The union's proposal simply provides that, regardless of the nature of the jobs the Army creates, whom it hires, and under what substantive conditions of employment, the Army may not record the terms of employment in PSCs. In its brief, the FLRA itself refers to PSCs as " [t]he vehicle ... used by an agency to embody the terms of appointment" and "the memorializing of the act of hiring." Brief for the FLRA at 21; see also American Fed'n of Gov't Employees, AFL-CIO, Local 1770 and the Department of the Army, Fort Bragg Dependents Schools, 28 F.L.R.A. 493, 501 (1987) (characterizing PSCs as "nothing more than written statements of the conditions of employment under which employees would be hired"). In West Point, moreover, the Authority described PSCs as a "formal appointment process " by which the Army hires teachers and stated that the union's proposal to prohibit the use of PSCs would "requir [e] management to use some other appointment process." 29 F.L.R.A. at 1533-34 (emphases added).

We find these descriptions telling. As they indicate, by prohibiting PSCs, the union's proposal would affect only the procedure by which the Army records the terms of appointment and employment; eliminating PSCs would not add to, subtract from, or modify the substance of those terms. The Army is not required to use PSCs, see AFGE, Local 1770, 28 F.L.R.A. at 501 (citing Fort Knox Teachers Ass'n and Board of Educ. of the Fort Knox Dependents Schools, 27 F.L.R.A. 203 (1987)); it therefore can implement the same substantive terms of employment by other means. The collective bargaining agreement is the most obvious alternative. In fact, the FLRA's West Point decision stressed that the collective agreement trumped any contrary provisions in the PSCs:

As we have held previously and reaffirm here, the Agency may not use personal services contracts to attempt to establish unilaterally conditions of employment in derogation of the statutory collective bargaining rights of those employees. Where employees subject to 20 U.S.C. § 241 are in a unit of exclusive recognition, the content of personal services contracts cannot supersede collective bargaining agreement provisions lawfully negotiated pursuant to the [FSLMRS].

29 F.L.R.A. at 1533. See also Fort Bragg, 30 F.L.R.A. at 511 (" [W]e again emphasize that the use of personal services contracts does not allow the Agency to circumvent its obligations under the [FSLMRS]."). The union thus can negate, by bargaining, substantive terms unilaterally placed in the PSCs. How then can a proposal to dispose of the vessel in which voided terms may remain lodged work to interfere substantively with the Army's right to hire? The FLRA offers no answer. Furthermore, substantive prescriptions that are outside the duty to bargain may be imposed by regulation. Notably, the Navy, Air Force, and Marine Corps do not use PSCs for their section 6 employees, see Brief for Petitioner at 4; presumably those armed services have not been disabled from exercising their right to hire, fully and effectively, by some other means. In short, given the existence of alternative methods of memorializing the terms of employment, we conclude that the union's proposal does not interfere substantively with the Army's right to hire.

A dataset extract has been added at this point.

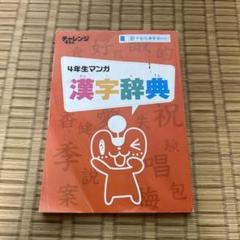 進研ゼミ　チャレンジ４年生　2024 まとめ売り（おまけ付き） 2023】進研ゼミ小学講座チャレンジ4年生4月号の教材がすごい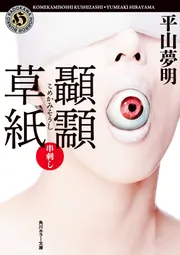 ［まとめ売り］平山夢明⭐︎怖い話怪談本35冊セット まとめ売り］平山夢明⭐︎怖い話怪談本35冊セット - メルカリ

We also find persuasive the Second Circuit's decision in West Point that the Army's use of PSCs for section 6 employees is unlawful, 855 F.2d at 940-41, and here recapitulate that circuit's reasoning. If the Army's resort to PSCs is unlawful, then the union's proposal is not simply bargainable, it is one to which the Army must say yes.

The Second Circuit's decision rests on a Federal Acquisition Regulation which provides:

(a) ... [A] personal services contract is characterized by the employer-employee relationship it creates between the Government and the contractor's personnel. The Government is normally required to obtain its employees by direct hire under competitive appointment or other procedures required by the civil service laws. Obtaining personal services by contract, rather than by direct hire, circumvents those laws unless Congress has specifically authorized acquisition of the services by contract.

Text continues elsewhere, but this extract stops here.